Clients (including Charities) who register to use the Enthuse platform to support their fundraising strategy    

When an organisation (including a charity) registers with us as a client to licence our fundraising platform from us, it may provide or we may request personal information about its employees, directors or trustees of the charity. Such information may include an individual’s; name, title, address, email address, personal images, job title and telephone number.

We will use this personal information to manage our relationship with the relevant organisation and perform our contractual obligations, including to notify the charity of any changes to the services and as part of our procedures to keep the Site safe and secure.

As a FCA regulated entity, we are also under a legal and regulatory obligation to carry out Anti Money Laundering (AML), Know Your Customer (KYC) and service background checks on the charity, its directors and potentially board members, this will involve using the personal information provided to carry out these checks.
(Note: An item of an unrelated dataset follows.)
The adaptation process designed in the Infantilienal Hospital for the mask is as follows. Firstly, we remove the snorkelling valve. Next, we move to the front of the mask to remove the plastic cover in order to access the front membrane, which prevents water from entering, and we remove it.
In some circumstances we may use a third-party supplier to carry out these checks for us. Our appointed suppliers will only use the personal information for the purpose of carrying out the background checks and searches that we request.
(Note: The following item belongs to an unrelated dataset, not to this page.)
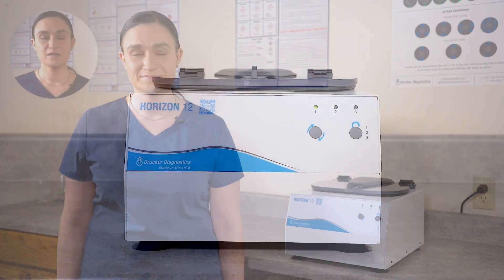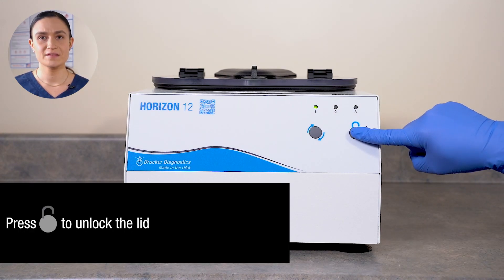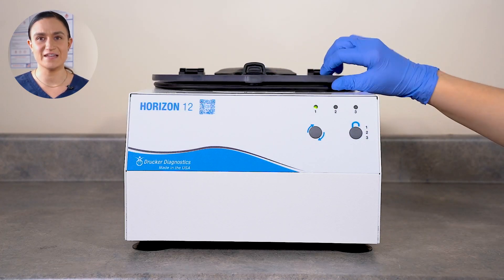Today we're going to learn how to unlock the centrifuge when its lock system is engaged. To unlock the centrifuge, simply press the stop/unlock button. The centrifuge will unlock and you can twist the lid latch and lift the lid to access the rotor.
When processing this information, we rely on the lawful bases of performance of a contract, legal obligation and legitimate interests.

Individuals who open an account on the Site for the purpose of making a donation or fundraising    

In order to use our site and make a donation or fundraise, you will need to register an account or use the guest checkout feature. As part of the registration process you will be asked to provide personal data. When we request information as part of the registration process, we make it clear where the provision of information is required by law and where it is voluntary.
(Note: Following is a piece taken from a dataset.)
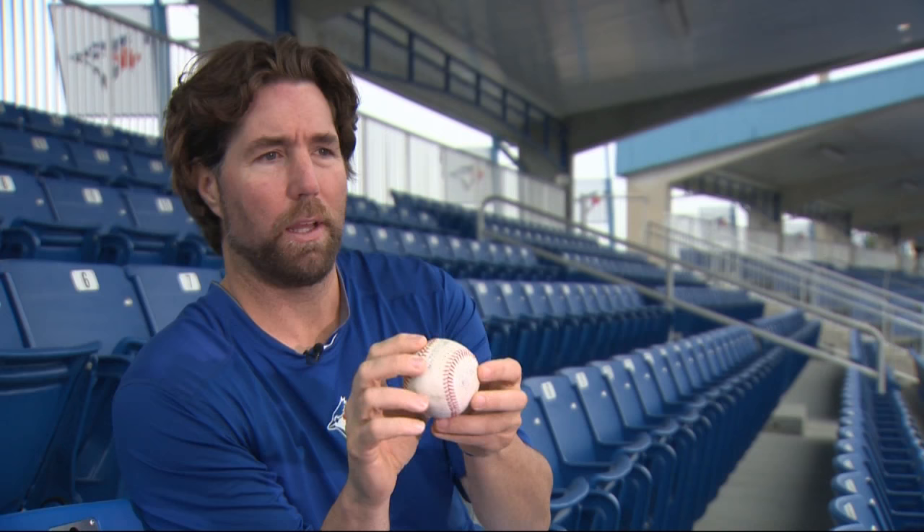A knuckleball is different in the sense that you're trying to subtract spin completely. A perfect knuckleball for me will rotate about a quarter of a revolution from the time it leaves my hand until the time it gets to the plate. And if I've thrown a hundred of those in a game, we're probably on the winning side.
We may collect this personal data directly from you when you create an account or use the guest checkout feature or you may choose to register on our Site using valid social media login details, such as Facebook or Google. We may also collect personal information when you correspond with us by phone, e-mail or otherwise.               

The personal information we collect may include first name, last name, address, e-mail address, phone number and card payment details. If you are eligible for UK Gift Aid, you may also provide your UK domicile address as this may be different from your billing address.

We use this information to:

  • – manage your account with us, make the payments to your chosen charity or to respond to your queries or comments;
  • – perform any contract or other transaction we enter into with you;
  • – provide, activate, manage and support our products or services;
  • – notify you about changes or updates to our sites, products, or services;
  • – operate, evaluate and improve our business (including enhancing and personalising our sites, services, products and communications; developing new sites, services and products);
  • – perform data analytics for internal research or other business purposes;
  • – respond to your enquiries, requests, or other comments;
  • – our initiatives such as diversity and inclusion initiatives;
  • – detect fraud, investigating suspicious activity (e.g. violations of our Website Terms) and otherwise keep our sites safe and secure; and/or
  • – comply with our legal or regulatory obligations.

In addition, if you have given us telephone instructions or e-mail instructions, we will write to you to confirm your donation. We are required to do this by the Charities Commission for England and Wales.    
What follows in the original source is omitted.